A primeira pergunta que fica é: por que não se trabalha para que as empresas brasileiras tenham tratamentos similares às empresas exportadoras para o Brasil? Se somarmos os impostos que incidem sobre a produção nacional (PIS/COFINS, ICMS diretamente na produção), além de outros custos, como frete interno, veremos que os produtos importados têm maior competitividade que os produtos brasileiros, mesmo com a baixa infraestrutura dos portos nacionais. Isso faz com que a suposta proteção da TEC seja muito inferior aos custos impostos para quem cria riqueza no Brasil.
A segunda pergunta é: qual a razão de não termos continuidade das políticas públicas e de não procurarmos cumprir pelo menos uma etapa completa dessas políticas para que verifiquemos sua efetividade? Mesmo quando a política existe e é um sucesso, ela não agrada, e mudamos novamente.
A resposta é clara, temos que ter política de Estado e não pessoais. Precisamos de trabalho organizado, com propostas bem delineadas e que possam ser defendidas, políticas que possam ser questionadas e mudadas com base técnica, de política pública, e que favoreçam a população brasileira como um todo.
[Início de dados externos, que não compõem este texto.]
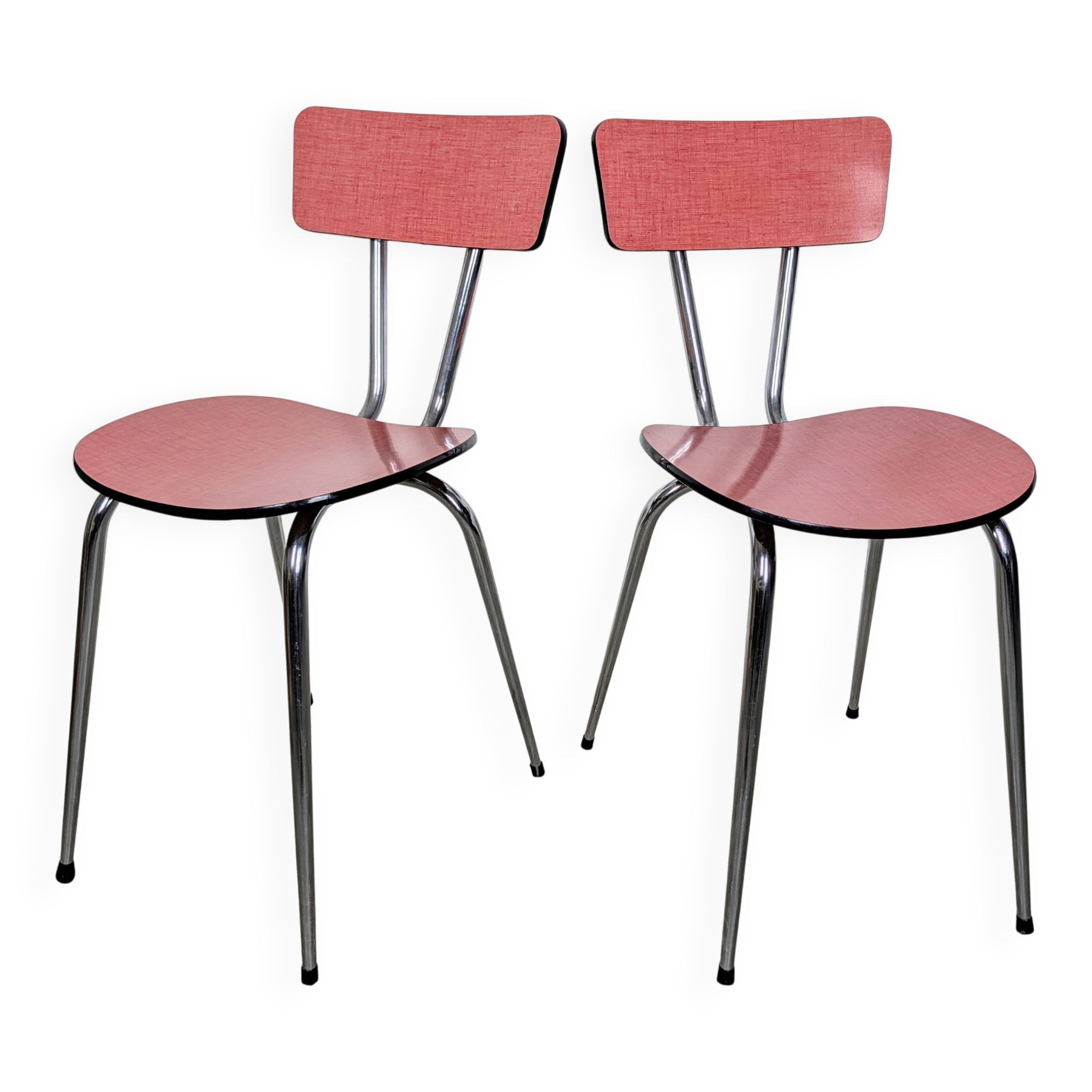 Paire de chaises formica rouge & pieds chromés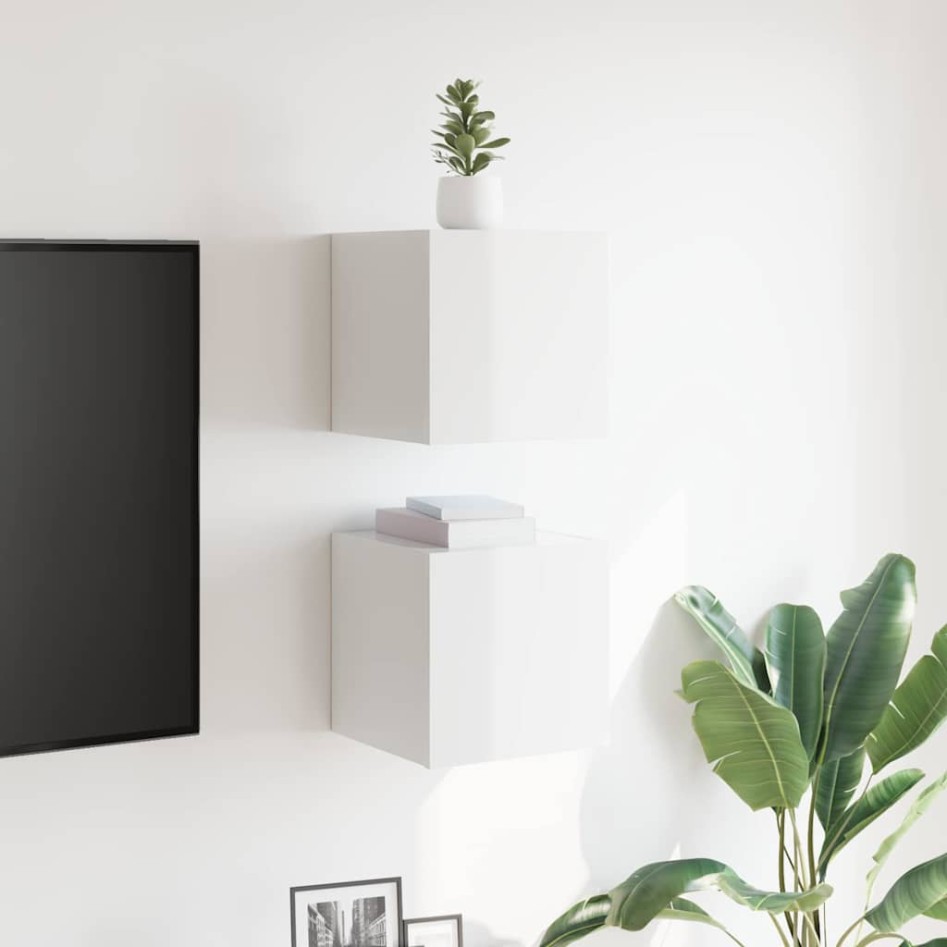 Muebles de salón de pared 2 uds blanco brillo 30,5x30x30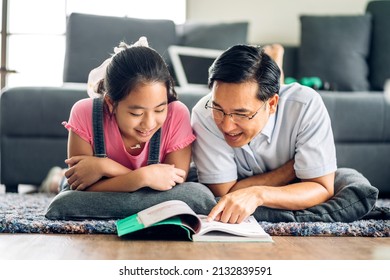 Portrait Happy Love Asian Family Father Teach Little Daughter Asian Girl Learn And Study On Table.Dad And Asian Young Girl Writing With Book And Pencil Making Lessons In Homeschool At Home.Education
O problema é que sempre achamos que o estrago pode ser revertido. No entanto, o custo é muito grande. Estamos pagando bastante pelas políticas ultraliberais implementadas na área econômica, que deixaram resultados negativos para a população brasileira. Precisamos recuar dessa posição unilateral e negociar algo que seja pelo bem da comunidade em que vivemos, no caso, o Mercosul, fazendo os ajustes necessários. Há diversas cadeias produtivas que precisam de uma política de desenvolvimento, se não quisermos continuar reféns de setores e indústrias com controle 100% externo, que sempre conseguem se defender, tanto na produção quanto na importação.